CoSign with Kubernetes: Ensure integrity of images before deployment

CoSign with Kubernetes: Ensure integrity of images before deployment

Notary vs CoSign? Is CoSign a good alternative? Can we automate keys & signature rotation?

During the post-exploitation phase, attackers try to enumerate & exploit systems in stealth mode. With containers, it's very easy to run a malicious service by just changing the image name of any deployment. No SOC/IR team will get an alert for this kind of operation as it looks like a regular deployment but it will open a gateway for an innumerous amount of data exfiltration & act as a backdoor.

Hence with cloud & containerized environments ensuring the integrity of the images getting deployed is crucial than ever.

Notary & CoSign are prominent in the industry for signing & validating the integrity of images.

Thanks to GiantSwarm for the ValidatingWebHook boiler template.

TL;DR

High-level overview

  1. We create a private & public pair (CoSign generates ECDAS-P256 key pair). Use a CI pipeline to perform this operation.
  2. These keys need to be stored in KMS solutions like Hashicorp Vault, AWS KMS, etc.
  3. Image signing happens via CI pipeline.
  4. Private key will be fetched from KMS provider, stored in CI secret store & used for signing of images.
  5. We use the public key pair for validating images.

Image repository snapshot

CoSign-Random-Image-Dockerhub.PNG

Push signed information to the registry

CoSign-Random-Image-Signature-Pushed.PNG

Image repository snapshot (Updated)

CoSign-Random-Image-Signature-Dockerhub.PNG

CoSign Workflow

Deployments can be triggered manually or in an automated fashion by leveraging solutions like Argo CD.

CoSign-Workflow.jpg

We will be using a ValidatingWebHook to perform integrity validation of images.

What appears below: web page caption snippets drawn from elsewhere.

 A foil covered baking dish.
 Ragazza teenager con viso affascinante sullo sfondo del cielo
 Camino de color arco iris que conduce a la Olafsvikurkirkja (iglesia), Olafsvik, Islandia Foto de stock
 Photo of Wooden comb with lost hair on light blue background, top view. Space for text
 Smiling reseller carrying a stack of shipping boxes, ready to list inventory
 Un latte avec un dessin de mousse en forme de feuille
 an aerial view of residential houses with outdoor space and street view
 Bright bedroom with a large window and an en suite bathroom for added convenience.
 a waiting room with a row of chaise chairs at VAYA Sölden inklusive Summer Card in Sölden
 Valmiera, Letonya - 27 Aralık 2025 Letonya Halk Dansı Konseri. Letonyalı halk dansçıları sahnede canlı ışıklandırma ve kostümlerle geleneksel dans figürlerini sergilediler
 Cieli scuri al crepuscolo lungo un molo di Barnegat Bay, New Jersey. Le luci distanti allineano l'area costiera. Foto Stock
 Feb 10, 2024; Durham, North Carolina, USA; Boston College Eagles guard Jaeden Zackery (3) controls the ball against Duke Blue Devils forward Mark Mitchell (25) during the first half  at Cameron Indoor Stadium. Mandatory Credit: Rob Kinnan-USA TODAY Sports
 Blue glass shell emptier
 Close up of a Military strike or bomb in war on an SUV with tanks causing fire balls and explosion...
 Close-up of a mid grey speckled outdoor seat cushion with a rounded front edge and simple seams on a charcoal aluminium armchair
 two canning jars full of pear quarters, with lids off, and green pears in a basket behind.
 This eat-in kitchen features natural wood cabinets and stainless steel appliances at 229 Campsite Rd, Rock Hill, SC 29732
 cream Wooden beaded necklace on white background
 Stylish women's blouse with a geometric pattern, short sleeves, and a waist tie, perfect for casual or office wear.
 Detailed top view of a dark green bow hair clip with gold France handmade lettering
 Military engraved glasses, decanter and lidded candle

An admission controller is written in golang to perform this validating operation.

Notary vs CoSign

NotaryCoSign
Notary uses TUF (The Update Framework) to sign & manage signatures. This framework is quite complex to maintain.CoSign doesn't use TUF framework
Notary creates multiple keys - root, timestamp, snapshots, targets, delegation, and so on making things further complex.Like the TUF framework, there's no structure of different keys. We can of course use the TUF framework with CoSign but that level of complexity isn't required in our environment
Notary uses same keys for signing & validation.CoSign uses a private key for signing & a public key for validation.
There's no direct KMS support for key management making things further complex. This requires a lot of manual effort in securing & rotating the keys.KMS support is available for standard providers like GCP, AWS, Hashicorp.
Notary requires a separate database for storing the signature data.No additional database required. All the image signatures are pushed directly to the registry.
HA feature isn't there by default, we need to build solutions for it. We need to build solutions to handle HA/auto-scaling.Doesn't require additional hardware to run. It's just a single binary. So no requirement for HA/auto-scaling.
We need to ensure the notary server is up & running for seamless integration.CoSign connects directly with the image registry, so a health check isn't applicable.
Eminently, notary validation is possible only on docker runtime. Most of the environments use containerd and it can't differentiate b/w signed & unsigned imagesSame limitation with container runtime for CoSign
Due to the above limitation of validating things at runtime, we have to use Notary client to validate the images. An additional component for maintenance in the future.We can use ValidingAdmissionWebhook to achieve image validation.
Notary doesn't have RBAC capabilities, allowing anyone to perform privileged operations. To fix this, we have to build Notary from a source with limited capabilities.CoSign uses different keys for signing & validation, hence the lack of RBAC capabilities won't be an issue.
Synchronizing the signature information between multiple data centers is not practical in real-time.Synchronizing the signature data between data centers is very easy.
Without signature data duplication, we cannot validate images in other data center deployments. Additionally, we have to distribute multiple keys for image validation across data centers which is a real overhead.Since, we have only one public & private key, we can re-use it in different data centers without much hassle.
Since pushing & maintaining all the tens of keys across multiple data centers is not feasible, we have to use a different set of keys in each data center for image signing & validation. We have to re-sign the images again & validate them again.This is easily achievable with CoSign. All signature information is stored in registries along with images.
If we use different root keys, target keys, delegation keys, and so on in different data centers, that violates the basic trust principle, single source of truth.CoSign allows us to ensure we follow the single source of truth principle.

Image signing

  1. After key generation, the CI pipeline pushes private & public keys to the KMS provider.
  2. Private keys pulled from KMS & stored in CI secret store.
  3. We use the CI pipeline to sign images with private keys and push them to the registry.

Image validation

We need to validate the signature of the images before deployment. We will use ValidatingWebHook in Kubernetes to verify the signatures.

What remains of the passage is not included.